Sturdy suits me fine! Comfort is my main focus and I think this will work for me. The Performer has served me well - but I still get shoulder pain if I ride it more than a few miles. Time will tell with the Redmount.


----------



## Mr Magoo (4 Mar 2018)

Are you planning to harness the pair of Redmounts to a Narfolk hay cart ?
Actually the production Redmount Rollers are all ali tubing and frame construction therefore rather light !
Well done with the Ebay auction .... clearly a bargain price 
I think you gained an advantage over other bidders >??>
Because of your prior knowledge about how it was designed and made on your doorstep !
I have a larger Fenland sugarbeet wagon harnessed and ready to be pulled by four Redmounts until they are sold


----------



## mrandmrspoves (4 Mar 2018)

Mr Magoo said:


> Are you planning to harness the pair of Redmounts to a Narfolk hay cart ?
> Actually the production Redmount Rollers are all ali tubing and frame construction therefore rather light !
> Well done with the Ebay auction .... clearly a bargain price
> I think you gained an advantage over other bidders >??>
> ...



The vendor was very keen that the Redmount went to someone that would fully appreciate it - and I most certainly will.

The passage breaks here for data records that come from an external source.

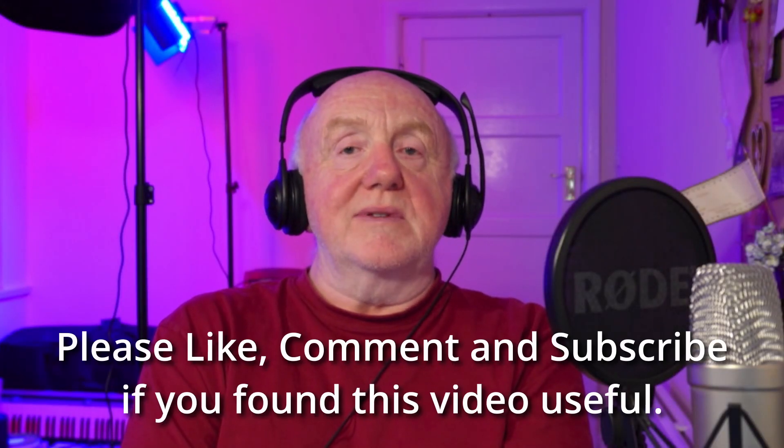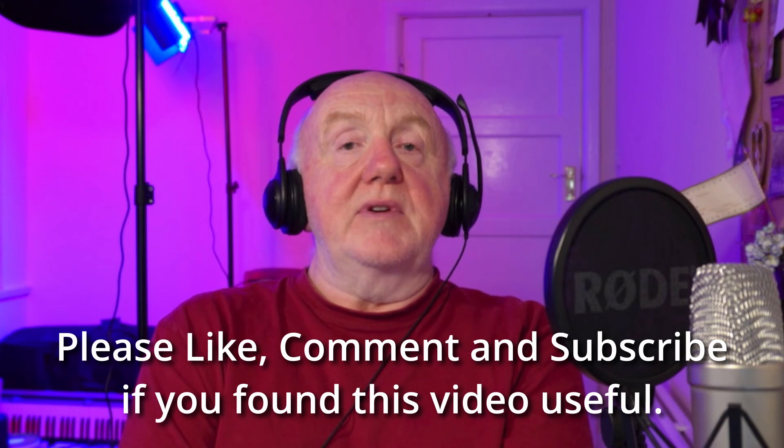Anyway, I hope you enjoyed this and found it useful. If you did, perhaps you'll consider subscribing — it'd be great to have you on board. If you've got any questions or suggestions, please put them in the comments. I hope to see you again soon. Bye for now.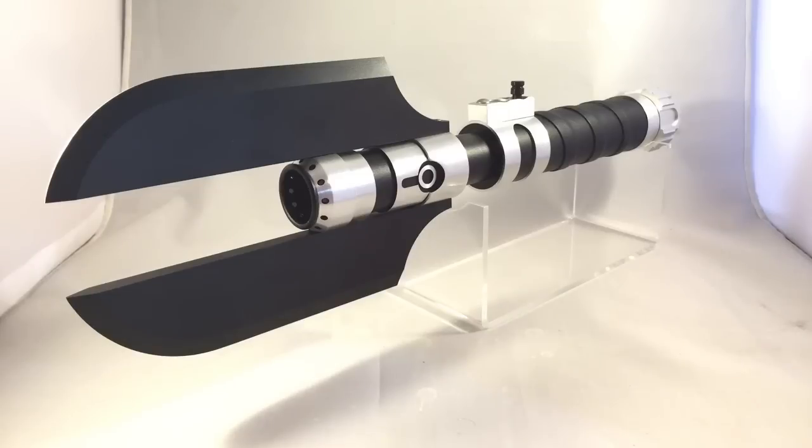Hey guys, Cal here from Chaos Sabers, FX Sabers Forums and Imperial Royal Arms. This is another build that I finished today. It's a Darth Malgus inspired lightsaber.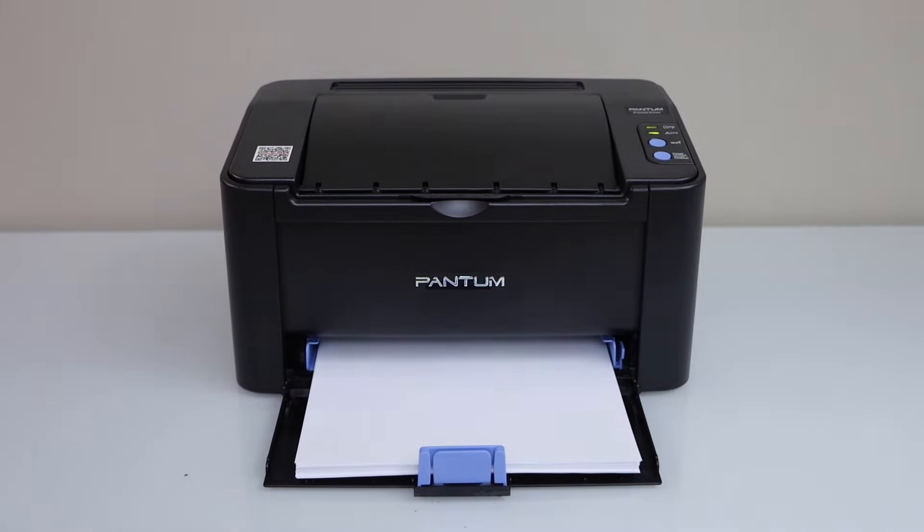In this video, I am going to show you how to do the Wi-Fi setup of your Pantum P2500W or Pantum P2200 series printer.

One of my cycling friends has an early prototype in his shed - sadly not his though. 
I have no intention of using the Redmount for agricultural purposes, but fully intend to tow my camping trailer and get out into the fine Norfolk and Suffolk countryside.


----------



## mrandmrspoves (9 Mar 2018)

Cycleops said:


> Nice one. Certainly beats the Bay City type.


Only just twigged - most things are better than the Bay City Rollers were!


----------



## mrandmrspoves (11 Mar 2018)

Back from Sussex and now the very happy owner of the Redmount Roller.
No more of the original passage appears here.